:: Material provided ::
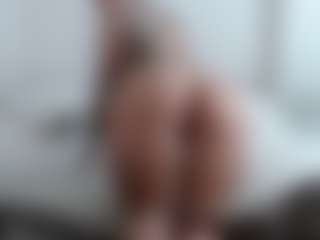Iamjuliabond's Live Sex Cam Show
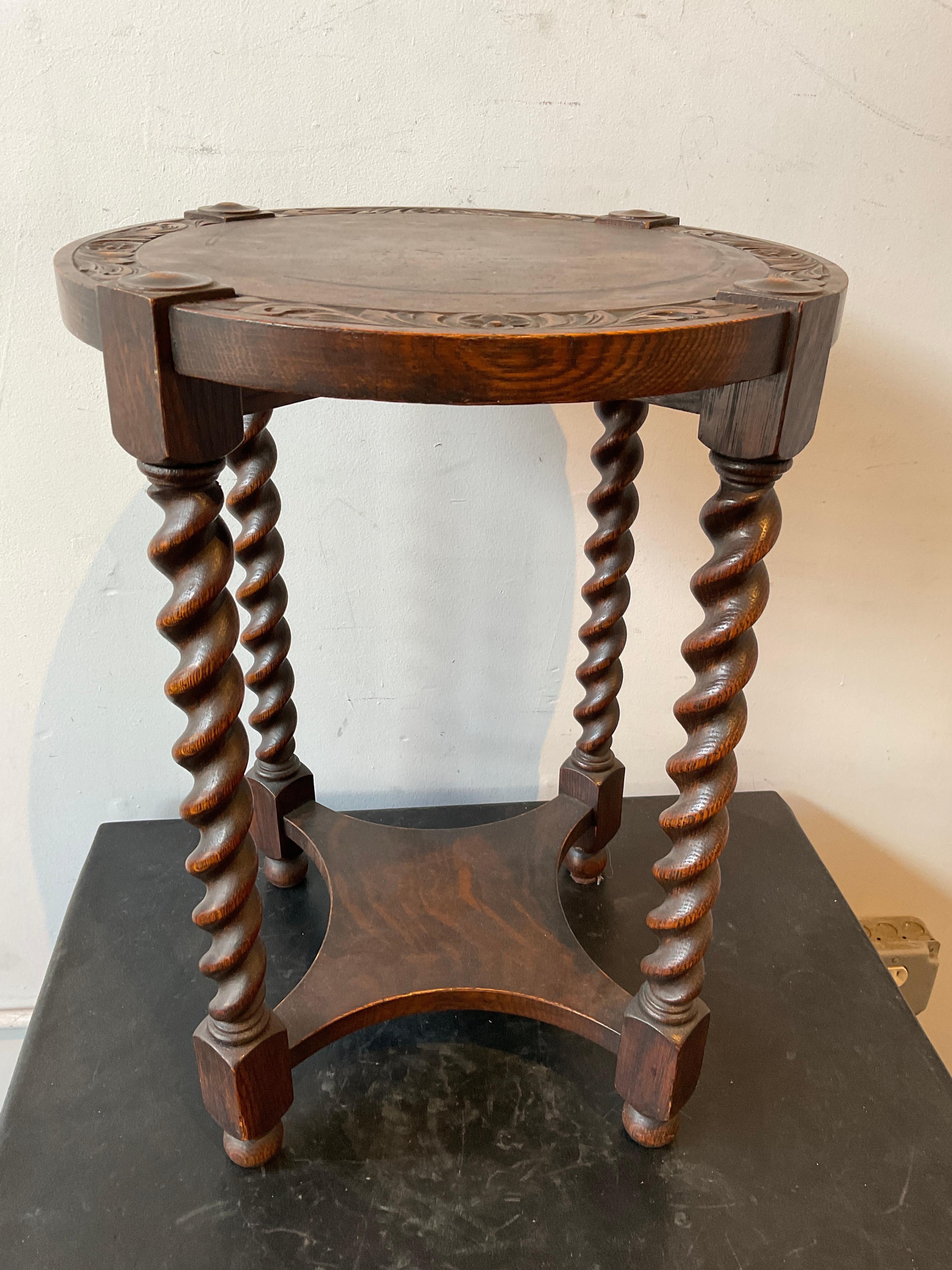 Circa 1900 English Barley Twist Drink Table In Good Condition For Sale In Tarrytown, NY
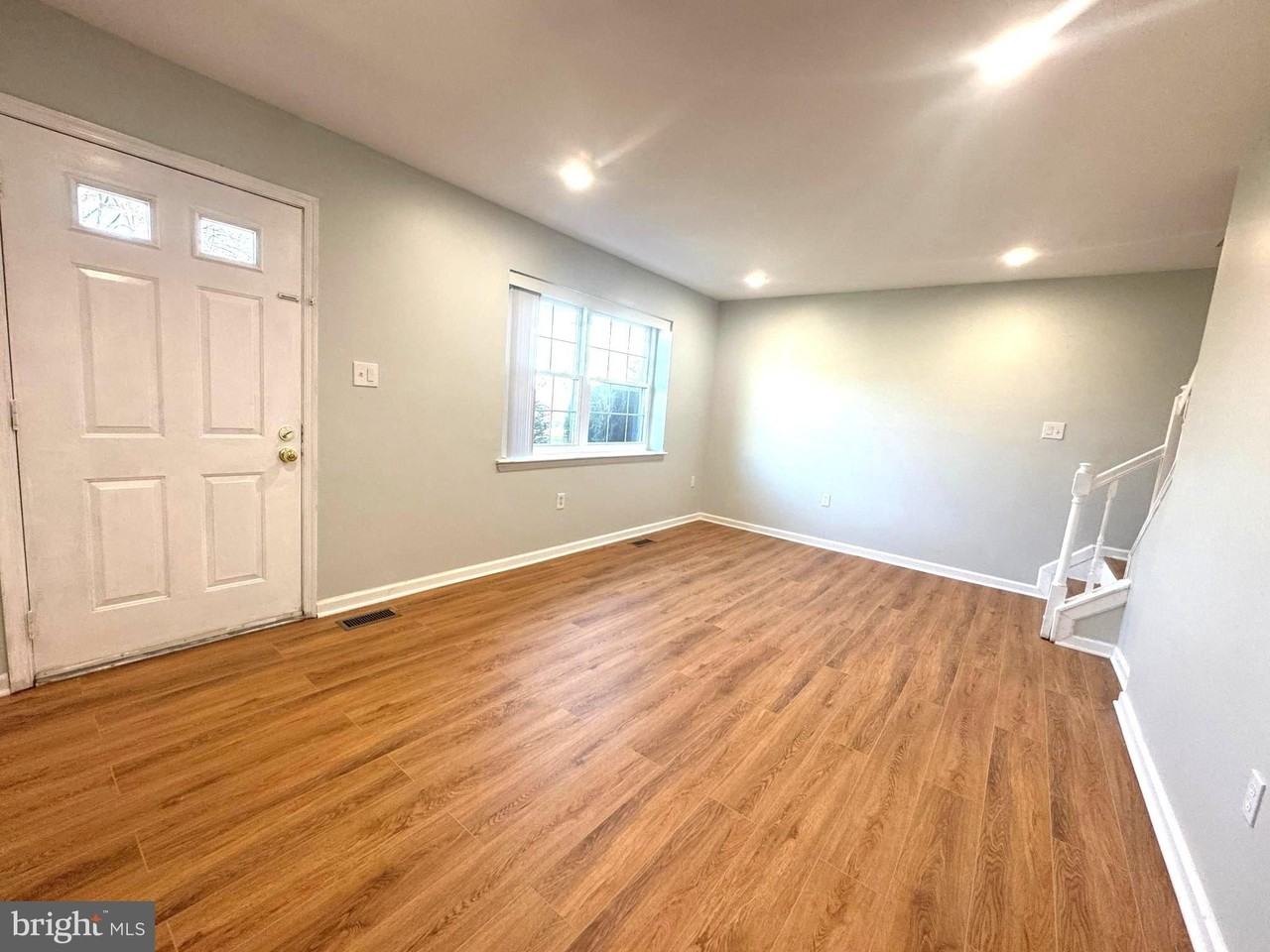 4826 Grand Bend Dr - Photo 2 of 35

:: What is needed ::
Exactly as they appear above, print all the lines, but not the pictures.

:: Answer section ::
Iamjuliabond's Live Sex Cam Show
 Circa 1900 English Barley Twist Drink Table In Good Condition For Sale In Tarrytown, NY
 4826 Grand Bend Dr - Photo 2 of 35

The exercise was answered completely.